Reeb orbits frequently intersecting a symplectic surface
Michael Hutchings
TL;DR
This work proves that in a closed 3D contact manifold with a symplectic surface boundary on Reeb orbits, and under a niceness condition near the boundary, there exists a Reeb orbit intersecting the surface with a frequency lower bound given by $\operatorname{Area}(\Sigma,d\lambda)/\operatorname{vol}(Y,\lambda)$, independent of genericity assumptions. The authors’ approach hinges on inflating the contact form near the surface and leveraging Weyl laws for elementary spectral invariants and their interaction with alternative ECH capacities to force the bound. The result yields a broad generalization relating mean action and the Calabi invariant for area-preserving diffeomorphisms and illustrates a robust link between geometric intersection data and spectral invariants in contact geometry. The paper also outlines open questions, including removing the niceness hypothesis, achieving reverse inequalities, and extending the framework to higher dimensions, with potential implications for geodesic and Hamiltonian dynamics beyond the current setting.
Abstract
Consider a symplectic surface in a three-dimensional contact manifold with boundary on Reeb orbits (periodic orbits of the Reeb vector field).
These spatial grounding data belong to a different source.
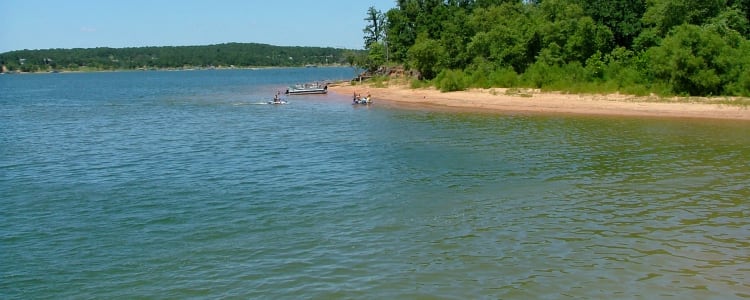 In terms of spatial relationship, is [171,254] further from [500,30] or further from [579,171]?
[500,30]

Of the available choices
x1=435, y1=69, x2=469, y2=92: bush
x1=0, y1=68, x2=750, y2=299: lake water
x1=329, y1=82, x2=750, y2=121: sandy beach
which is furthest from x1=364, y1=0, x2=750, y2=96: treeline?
x1=0, y1=68, x2=750, y2=299: lake water

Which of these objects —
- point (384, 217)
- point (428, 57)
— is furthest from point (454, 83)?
point (384, 217)

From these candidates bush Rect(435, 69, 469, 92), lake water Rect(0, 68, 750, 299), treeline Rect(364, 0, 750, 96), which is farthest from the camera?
bush Rect(435, 69, 469, 92)

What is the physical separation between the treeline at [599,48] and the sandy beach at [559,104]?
2185 millimetres

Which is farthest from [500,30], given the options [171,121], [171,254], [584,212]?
[171,254]

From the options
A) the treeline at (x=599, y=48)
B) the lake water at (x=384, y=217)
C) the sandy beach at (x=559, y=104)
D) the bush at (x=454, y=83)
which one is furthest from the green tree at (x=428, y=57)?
the lake water at (x=384, y=217)

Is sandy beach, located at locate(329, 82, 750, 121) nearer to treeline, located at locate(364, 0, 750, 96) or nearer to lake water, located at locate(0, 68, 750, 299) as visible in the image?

We assume that the rotation numbers of the boundary Reeb orbits satisfy a certain inequality, and we also make a technical assumption that the Reeb vector field has a particular ``nice'' form near the boundary of the surface. We then show that there exist Reeb orbits which intersect the interior of the surface, with a lower bound on the frequency of these intersections in terms of the symplectic area of the surface and the contact volume of the three-manifold. No genericity of the contact form is assumed. As a corollary of the main result, we obtain a generalization of various recent results relating the mean action of periodic orbits to the Calabi invariant for area-preserving surface diffeomorphisms.